People who understand:
How to personalize AI for specific contexts and users
How to preserve authentic voice and domain expertise
How to systematically evaluate and improve AI performance
How to build multi-agent workflows with clear roles and handoffs
How to maintain human oversight without creating bottlenecks
How to scale reliability, not just capability
That’s the 1% skill. That’s the $50 billion talent gap.
And after seven weeks, I’m in that 1%.
Where I’m Going Next
I’m taking everything I learned and applying it to the work that matters most to me: designing AI for government and defense applications where lives are at stake.
I’m writing about it (like this series) to help others understand what effective AI collaboration actually requires.
I’m building systems that demonstrate these principles in action—not just theory, but working prototypes that solve real problems.
And I’m positioning myself as someone who can bridge the gap between AI capability and human need. Between technical possibility and ethical responsibility. Between efficiency and humanity.
Because if AI is going to amplify human intelligence rather than replace it, we need designers who understand both the technical AND the human side of that equation.
We need people who can see patterns across complex systems (neurodivergent advantage). Who can preserve authentic voice while scaling capability (brand voice analysis). Who can systematically improve reliability (evaluation frameworks). Who can design collaboration, not just automation (agentic workflows).
The question isn’t whether AI belongs in high-stakes environments. The question is: Are we designing it with the rigor, responsibility, and human-centered thinking those stakes demand?
I spent seven weeks learning how to answer that question with “yes.”
The Final Insight
Here’s what I’m sitting with as I finish this series:
My neurodivergent brain—the one I spent years trying to “manage” and “fix”—has been training for this moment my entire life.
The pattern recognition. The parallel processing. The comfort with complexity. The ability to see connections across disparate domains. The tendency to question everything. The discomfort with surface-level solutions.
These aren’t bugs in my cognitive process. They’re features. They’re exactly what designing reliable AI systems in complex environments requires.
And the skills I learned in seven weeks—personalization, voice analysis, systematic evaluation, agentic workflows—these aren’t just AI skills. They’re fundamental design skills for the era we’re entering.

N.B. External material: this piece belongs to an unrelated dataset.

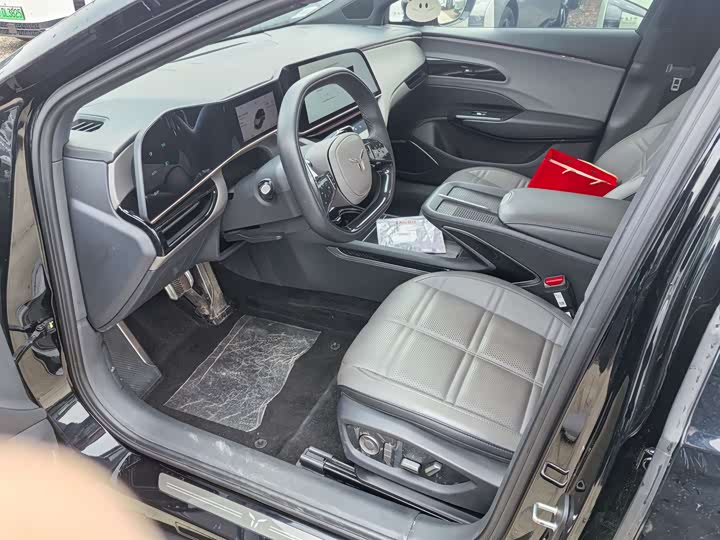 Фото 7 - Hongqi EH7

An era where human-AI collaboration is the norm, not the exception. Where the question isn’t “can AI do this?” but “how do we design AI to work WITH humans effectively?” Where the differentiator isn’t AI capability but human-AI partnership quality.
Seven weeks ago, I thought I was learning AI tools.
What I actually learned was how to design the future of work.
And I’m just getting started.
In the spirit of transparency I advocate for in AI development: I worked with Claude to structure and refine these reflections from my entire seven-week journey through Sara and Tyler’s AI Agentic Fundamentals course. The Bible Content Creator, the mission planning demo, the connections to my UX work, and the insights about neurodivergent advantages are all from my actual course experience, with AI assistance in articulating the patterns and principles I discovered. This series itself is an example of the human-AI collaboration I’m describing—preserving my authentic voice while leveraging AI to help structure and refine my thinking.